"Aww, can you buy alcohol now?” A colleague teased Ryan Everson about his recent birthday this past Sunday. Having just turned 24, University of Colorado Master of Fine Arts candidate Ryan Everson has been the center of plenty of youth-driven wisecracks. But his portfolio of work is nothing to laugh about.
He’s been creating charged, yet pop culturally driven, art for more than six years. His most recent work will be showcased this Friday, June 10, at Installation Shoe Gallery in Boulder. The installation, called Rocket 88, is part of the store’s Fresh Fridays series that occurs at various times throughout the year.
“I want to put art in people’s hands,” Raul Pinto, owner of Installation, says. “I want art to be accessible to everyone.”
Everson shares a similar opinion on his own work.
“I think that for the most part, my work is easily approachable to all, and I really aim to make that so, “ he says. “That is why a lot of my work involves replication of real objects and easy to identify materials.”
His work consists of hyper-masculinized items, such as cars and guns, deconstructed. The pieces are made from foam, OSB boards, recycled two-by-fours and other similar building materials. Most of his work is an attempt to reinterpret pop culture iconography.
“I’m interested in the hands-on things, such as auto-mechanics, technical maintenance,” Everson says.
“Currently my work is a direct correlation between the two.”
The pieces become no longer about the function but about the symbol and, maybe more importantly, about lines. What is beautiful about the frame of a car? What most people are drawn to is the body, the curves, the color. Everson forces us to engage with familiar objects whose references have been removed, focusing our perception on isolated parts. What is left is just the basic building block. But it’s also the most vital part; it’s what holds it all together. The car frame becomes a metaphor for getting back to our most basic selves. Or maybe it is Everson’s attempt to re-build a symbol, to strip it of its meaning, in hopes of eventually layering new connotations onto the frame.

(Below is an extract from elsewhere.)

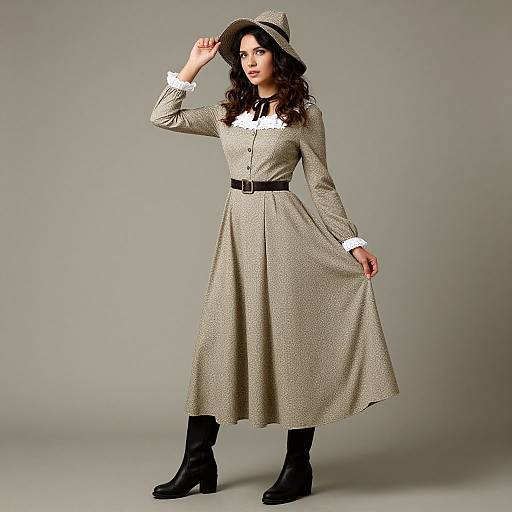 Female Nerd Costume Outfit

Everson has lived in Oregon most of his young life; he moved to Boulder for graduate school last fall. And though Oregon doesn’t have an immediate parallel in his work, it has influenced his sensibilities. His greatest influence, though, is illustrator/designer Jamie Hewlett (Tank Girl and Gorillaz). Hewlett’s brilliant styling peaked Everson’s interest in comics and graphic design, but somewhere down the line, he felt eager to experiment with different mediums.
“I like being able to move fluidly through lots of materials and ways of working,” he says. “It’s important for me to be able to use the most suitable material for my ideas and I don’t want to limit my ideas because I am not comfortable. I don’t want to trap myself with a limited skill set and end up making the same work forever.”
It’s a good fit for Installation, too, as they are ever-changing, creating new vibes with each Fresh Friday. Pinto and his partner JG Mazzato started these events six years ago. They’ve had every thing from CD release parties to promotional signings, DJ events and art shows. The shoes are a catalyst for allowing the creative space to exist.
“The shoes keep the art happening,” Pinto says.
Most gallery spaces can’t keep up with the financial strains of rent and end up folding early on, but being a shoe store plus gallery space allows for more fluidity and for the space to stay afloat.
But there is something youthful about the store itself; many of the shoes are neon, bright-colored hip-hop fashion, which balances well with Everson’s own youthful exuberance. And also balances the monochromatic, subtle styling of Everson’s work.
Together they’re creating a vibe of clean aesthetics, fresh lines, and uncommon experimentation.
The show, which also features a DJ and free refreshments, will be up for just one night, so don’t miss it.